Un devastador terremoto de magnitud 8.2 estremeció amplias zonas de México, con especial impacto en el sur del país, provocando escenas de pánico, daños materiales y cortes eléctricos. En estados como Chiapas, el movimiento telúrico se sintió con fuerza aterradora: viviendas se sacudieron violentamente, conductores se detuvieron en plena vía para grabar lo ocurrido y decenas de personas salieron despavoridas a las calles. En hospitales y centros comerciales se reportaron colapsos parciales de techos, caída de escombros y evacuaciones de emergencia.

Durante el sismo, numerosos testigos observaron extrañas luces en el cielo, lo que generó especulación sobre supuestos fenómenos paranormales. Sin embargo, especialistas explicaron que se trata de un fenómeno natural asociado a la liberación de carga electromagnética durante terremotos de alta magnitud, conocido como “luces sísmicas”. Este mismo fenómeno fue documentado durante el terremoto de Chile en 2010 y el de Perú en 2007. Autoridades subrayaron que no representa un evento sobrenatural, sino un efecto físico poco frecuente pero científicamente registrado.

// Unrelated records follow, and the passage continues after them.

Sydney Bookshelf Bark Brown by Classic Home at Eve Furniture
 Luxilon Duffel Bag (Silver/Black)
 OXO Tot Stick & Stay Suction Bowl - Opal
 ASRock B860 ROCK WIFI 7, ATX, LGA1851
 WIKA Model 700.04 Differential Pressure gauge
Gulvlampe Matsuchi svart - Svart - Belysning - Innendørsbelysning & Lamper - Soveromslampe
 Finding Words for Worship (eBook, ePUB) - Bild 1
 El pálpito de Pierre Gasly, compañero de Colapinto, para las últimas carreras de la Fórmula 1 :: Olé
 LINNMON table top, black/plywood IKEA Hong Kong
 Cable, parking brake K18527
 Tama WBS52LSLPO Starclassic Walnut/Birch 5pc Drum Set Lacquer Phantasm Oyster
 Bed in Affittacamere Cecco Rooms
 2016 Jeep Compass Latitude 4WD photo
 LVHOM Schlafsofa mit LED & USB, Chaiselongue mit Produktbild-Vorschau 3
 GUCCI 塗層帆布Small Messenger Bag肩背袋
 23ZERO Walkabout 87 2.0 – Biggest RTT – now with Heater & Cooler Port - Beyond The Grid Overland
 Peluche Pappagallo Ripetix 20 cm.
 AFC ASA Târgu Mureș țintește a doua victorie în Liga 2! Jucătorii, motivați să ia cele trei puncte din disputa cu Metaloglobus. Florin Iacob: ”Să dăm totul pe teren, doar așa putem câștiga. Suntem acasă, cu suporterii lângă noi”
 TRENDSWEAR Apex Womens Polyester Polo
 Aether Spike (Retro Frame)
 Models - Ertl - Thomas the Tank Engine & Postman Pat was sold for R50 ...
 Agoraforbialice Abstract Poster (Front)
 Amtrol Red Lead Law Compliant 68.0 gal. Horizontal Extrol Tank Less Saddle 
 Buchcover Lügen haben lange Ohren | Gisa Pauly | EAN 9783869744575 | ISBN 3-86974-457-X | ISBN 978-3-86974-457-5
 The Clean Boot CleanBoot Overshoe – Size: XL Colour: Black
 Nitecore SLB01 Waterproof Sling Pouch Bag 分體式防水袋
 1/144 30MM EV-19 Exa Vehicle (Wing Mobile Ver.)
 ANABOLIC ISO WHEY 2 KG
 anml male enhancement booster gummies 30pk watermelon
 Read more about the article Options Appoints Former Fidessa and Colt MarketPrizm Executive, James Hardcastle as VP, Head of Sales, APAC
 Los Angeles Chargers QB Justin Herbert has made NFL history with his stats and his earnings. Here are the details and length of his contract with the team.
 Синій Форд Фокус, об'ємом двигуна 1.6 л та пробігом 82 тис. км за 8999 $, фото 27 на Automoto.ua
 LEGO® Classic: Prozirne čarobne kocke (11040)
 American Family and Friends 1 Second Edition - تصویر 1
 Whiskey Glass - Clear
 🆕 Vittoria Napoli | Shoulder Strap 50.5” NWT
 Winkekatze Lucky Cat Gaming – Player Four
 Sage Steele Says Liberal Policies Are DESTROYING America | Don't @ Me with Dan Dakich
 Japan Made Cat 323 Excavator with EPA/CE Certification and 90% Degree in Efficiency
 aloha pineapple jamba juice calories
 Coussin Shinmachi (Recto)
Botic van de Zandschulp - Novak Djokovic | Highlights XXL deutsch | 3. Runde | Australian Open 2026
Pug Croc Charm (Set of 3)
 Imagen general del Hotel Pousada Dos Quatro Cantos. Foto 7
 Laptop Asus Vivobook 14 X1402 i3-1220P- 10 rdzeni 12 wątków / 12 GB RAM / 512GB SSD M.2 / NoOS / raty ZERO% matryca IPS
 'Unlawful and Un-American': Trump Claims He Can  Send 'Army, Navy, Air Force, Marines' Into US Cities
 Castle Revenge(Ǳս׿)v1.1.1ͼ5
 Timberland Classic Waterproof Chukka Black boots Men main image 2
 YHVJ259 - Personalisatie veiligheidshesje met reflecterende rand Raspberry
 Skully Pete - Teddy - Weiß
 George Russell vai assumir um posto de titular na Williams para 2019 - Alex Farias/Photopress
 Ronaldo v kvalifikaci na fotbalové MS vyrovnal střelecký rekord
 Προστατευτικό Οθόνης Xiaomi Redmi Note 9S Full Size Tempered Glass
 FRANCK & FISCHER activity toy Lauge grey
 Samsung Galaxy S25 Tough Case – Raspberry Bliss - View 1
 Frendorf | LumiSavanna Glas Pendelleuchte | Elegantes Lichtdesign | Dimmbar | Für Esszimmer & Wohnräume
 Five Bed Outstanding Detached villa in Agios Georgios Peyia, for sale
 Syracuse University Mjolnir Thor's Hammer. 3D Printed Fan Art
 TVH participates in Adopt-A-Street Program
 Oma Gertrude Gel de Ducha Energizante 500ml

El sismo también fue perceptible en varios países vecinos, incluyendo Colombia, Venezuela y Ecuador, donde cámaras de seguridad captaron a transeúntes sorprendidos por el movimiento. En Perú, otro terremoto dejó al menos dos personas fallecidas y varios heridos. Pese al impacto, autoridades destacaron la efectividad de los sistemas de alerta sísmica y la respuesta de Protección Civil, reafirmando que, ante la tragedia, el pueblo mexicano vuelve a levantarse con resiliencia y solidaridad.